EXERCISE PROMPT: Print the records again, character for character.

Segment Open

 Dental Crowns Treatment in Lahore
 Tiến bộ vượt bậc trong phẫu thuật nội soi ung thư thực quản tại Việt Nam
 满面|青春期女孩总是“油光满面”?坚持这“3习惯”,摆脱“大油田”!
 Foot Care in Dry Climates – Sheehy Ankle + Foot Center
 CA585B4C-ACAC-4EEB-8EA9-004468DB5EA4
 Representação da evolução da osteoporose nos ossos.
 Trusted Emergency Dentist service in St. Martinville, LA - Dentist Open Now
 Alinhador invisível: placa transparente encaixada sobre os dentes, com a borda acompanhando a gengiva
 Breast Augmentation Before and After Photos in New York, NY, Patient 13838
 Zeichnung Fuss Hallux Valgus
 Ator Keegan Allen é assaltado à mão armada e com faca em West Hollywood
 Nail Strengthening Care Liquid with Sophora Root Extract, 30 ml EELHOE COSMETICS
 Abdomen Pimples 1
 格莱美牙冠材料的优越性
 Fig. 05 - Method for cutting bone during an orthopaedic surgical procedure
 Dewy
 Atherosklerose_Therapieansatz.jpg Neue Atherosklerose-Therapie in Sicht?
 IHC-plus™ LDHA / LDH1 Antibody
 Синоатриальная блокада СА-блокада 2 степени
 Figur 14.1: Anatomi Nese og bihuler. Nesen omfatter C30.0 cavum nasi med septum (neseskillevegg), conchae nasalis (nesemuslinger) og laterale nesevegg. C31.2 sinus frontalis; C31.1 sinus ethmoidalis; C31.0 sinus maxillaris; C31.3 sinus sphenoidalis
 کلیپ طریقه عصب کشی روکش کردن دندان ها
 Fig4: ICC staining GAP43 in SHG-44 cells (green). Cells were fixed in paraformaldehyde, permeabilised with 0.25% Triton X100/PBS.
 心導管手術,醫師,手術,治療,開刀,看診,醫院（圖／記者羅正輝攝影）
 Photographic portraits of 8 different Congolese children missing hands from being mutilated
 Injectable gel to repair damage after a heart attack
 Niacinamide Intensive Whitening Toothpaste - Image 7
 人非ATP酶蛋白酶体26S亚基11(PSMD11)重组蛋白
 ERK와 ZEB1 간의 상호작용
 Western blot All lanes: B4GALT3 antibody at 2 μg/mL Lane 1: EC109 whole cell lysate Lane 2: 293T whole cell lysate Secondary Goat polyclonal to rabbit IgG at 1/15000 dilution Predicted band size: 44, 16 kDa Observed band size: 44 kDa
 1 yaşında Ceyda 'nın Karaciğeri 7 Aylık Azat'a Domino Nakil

Segment Closed

EXPECTED ANSWER:
 Dental Crowns Treatment in Lahore
 Tiến bộ vượt bậc trong phẫu thuật nội soi ung thư thực quản tại Việt Nam
 满面|青春期女孩总是“油光满面”?坚持这“3习惯”,摆脱“大油田”!
 Foot Care in Dry Climates – Sheehy Ankle + Foot Center
 CA585B4C-ACAC-4EEB-8EA9-004468DB5EA4
 Representação da evolução da osteoporose nos ossos.
 Trusted Emergency Dentist service in St. Martinville, LA - Dentist Open Now
 Alinhador invisível: placa transparente encaixada sobre os dentes, com a borda acompanhando a gengiva
 Breast Augmentation Before and After Photos in New York, NY, Patient 13838
 Zeichnung Fuss Hallux Valgus
 Ator Keegan Allen é assaltado à mão armada e com faca em West Hollywood
 Nail Strengthening Care Liquid with Sophora Root Extract, 30 ml EELHOE COSMETICS
 Abdomen Pimples 1
 格莱美牙冠材料的优越性
 Fig. 05 - Method for cutting bone during an orthopaedic surgical procedure
 Dewy
 Atherosklerose_Therapieansatz.jpg Neue Atherosklerose-Therapie in Sicht?
 IHC-plus™ LDHA / LDH1 Antibody
 Синоатриальная блокада СА-блокада 2 степени
 Figur 14.1: Anatomi Nese og bihuler. Nesen omfatter C30.0 cavum nasi med septum (neseskillevegg), conchae nasalis (nesemuslinger) og laterale nesevegg. C31.2 sinus frontalis; C31.1 sinus ethmoidalis; C31.0 sinus maxillaris; C31.3 sinus sphenoidalis
 کلیپ طریقه عصب کشی روکش کردن دندان ها
 Fig4: ICC staining GAP43 in SHG-44 cells (green). Cells were fixed in paraformaldehyde, permeabilised with 0.25% Triton X100/PBS.
 心導管手術,醫師,手術,治療,開刀,看診,醫院（圖／記者羅正輝攝影）
 Photographic portraits of 8 different Congolese children missing hands from being mutilated
 Injectable gel to repair damage after a heart attack
 Niacinamide Intensive Whitening Toothpaste - Image 7
 人非ATP酶蛋白酶体26S亚基11(PSMD11)重组蛋白
 ERK와 ZEB1 간의 상호작용
 Western blot All lanes: B4GALT3 antibody at 2 μg/mL Lane 1: EC109 whole cell lysate Lane 2: 293T whole cell lysate Secondary Goat polyclonal to rabbit IgG at 1/15000 dilution Predicted band size: 44, 16 kDa Observed band size: 44 kDa
 1 yaşında Ceyda 'nın Karaciğeri 7 Aylık Azat'a Domino Nakil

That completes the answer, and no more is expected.